PCR Direct from Whole Blood
PCR-based genetic testing is well-established and a fast-growing discipline. Current protocols rely on a DNA extraction step, as wild-type DNA polymerases are completely inhibited by less than 0.2% whole human blood. The mechanism of inhibition is not clearly understood, but proposed to be as a result of the inactivation of the DNA polymerase by multiple inhibitors (e.g. hemoglobin, IgG, lactoferrin, proteases, anticoagulants and salts) and inaccessibility of the template and/or primers in the crude sample.

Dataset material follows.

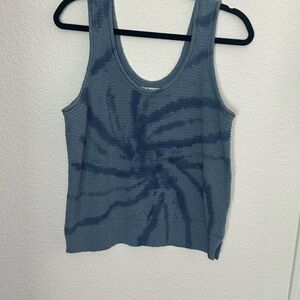 Madewell Blue TieDye Knit Tank Top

Using a molecular evolution strategy, Kapa Biosystems has engineered the first DNA polymerase designed specifically for the efficient amplification of DNA fragments directly from whole EDTA blood. The enzyme is available in KAPA Blood PCR Mix A or B, two optimized, ready-to-use 2x formats containing all components required for Whole Blood PCR, except for primers and template. KAPA Blood PCR Kits offer the following benefits for genetic testing and other PCR-based applications that use DNA extracted from blood as template:
- Reduced costs, turnaround times and risk of contamination by eliminating the need for DNA extraction or sample pretreatment.
- Versatility with respect to sample collection. Using KAPA Blood PCR Mixes, DNA may be amplified directly from whole blood collected in EDTA anticoagulant tubes, or on Whatman 903® Specimen Collection (“Guthrie”) Cards, Whatman FTA® Elute Cards, or regular filter paper.
- Versatility with respect to amplicon type. Amplicons up to 3.5 kb with a GC-content <65%, and amplicons <1 kb with a GC content >65% have been amplified successfully using KAPA Blood PCR Kits.
- Compatibility with existing assays and workflows. KAPA Blood PCR Kit may be used in single- or multiplex PCR assays employing standard or fluorescently labelled primers, is suitable for SNP detection using SNaPshot® technology (Applied Biosystems), RFLP analysis and direct sequencing, and paternity testing using the PowerPlex® 16 System (Promega). Reaction products may be analysed by gel electrophoresis, capillary electrophoresis (e.g. using genetic analyzers), dHPLC and on electrophoresis chips.